Thursday, June 02, 2005

Is the US Arming Colombian Terrorists?

As I mentioned last week, drugs seem to follow US foreign policy as flies follow a horse's hind quarters. The "liberation" of Afghanistan is many ways the liberation of the global opium supply from the control of the Taliban. Iraq is becoming a major distribution point for middle-eastern drugs. And, of course, cocaine production and trafficking has always been a part of Colombian history and or the US relationship with Colombia.

And so have right-wing paramilitary groups, who frequently protect wealthy businessmen and drug lords.

The Colombian police heard in early May that a big deal was going down inside a gated luxury community southwest of Bogotá. On May 3 they followed Colombian suspects, two of whom turned out to be retired Colombian Army officers, to a house filled with twenty-nine metal crates of arms and 32,000 rounds of ammunition. The police were still taking inventory of the cache when two more suspects knocked on the door. The police arrested them, only to learn they were US soldiers. The Colombian police said the arms were bound for an illegal paramilitary group that the State Department considers to be both a drug-trafficking and a terrorist organization.
The United Self-Defense Forces of Colombia (AUC) were only designated a terrorist organization by the State Department on (ironically) September 10, 2001. Before that, we considered them to be part of a larger Colombian intelligence scheme to keep order.
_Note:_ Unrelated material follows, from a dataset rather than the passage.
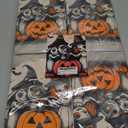 Nervure 200PCS Halloween Paper Napkins - Modern Disposable Witches Pumpkin Halloween Napkins - Paper Hand Towels Decorative Dessert Dinner Hand Napkin for Halloween Party Home Kitchen Bathroom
Back in the 1960s the US military, according to its own documents, encouraged the Colombian military to organize rightist paramilitary forces to help fight leftist guerrillas. By the early 1980s, Colombian drug traffickers and large landowners together organized the paramilitaries into a national force to ward off kidnappings and other forms of extortion by leftist guerrillas.... One new intelligence network killed at least fifty-seven people, including trade unionists, community leaders and a journalist, according to judicial testimony. But charges were dropped after most of the witnesses were either murdered or disappeared.
So were these US weapons going to the AUC?

The State Department spokesman in Washington, Richard Boucher, denied that the arms were part of a secret US effort to arm Colombian paramilitaries. But he still refuses to say whether the arms are part of the unprecedented $3.3 billion in military aid the United States began sending in 2000 as part of Plan Colombia. The Colombian attorney general's office, which is now investigating the case, said that the arms had been diverted from US stockpiles. The Colombian television station RCN broadcast footage of arms with US markings.
And the two US soldiers?

US warrant officer Allan Tanquary and Sgt. Jesus Hernandez are now back in the United States, where officials say they may face criminal charges. "We're committed," said spokesman Boucher, "to a full investigation."
Uh-huh. Yeah. Okay.

Now, let's get this straight: Colombia is our ALLY in Latin America, and Uruguay, Brazil, Argentina, Venezuela, and other left-of-center social democracies constitute a "New Axis of Evil,"TM do I have that right?

There's something dreadfully wrong here.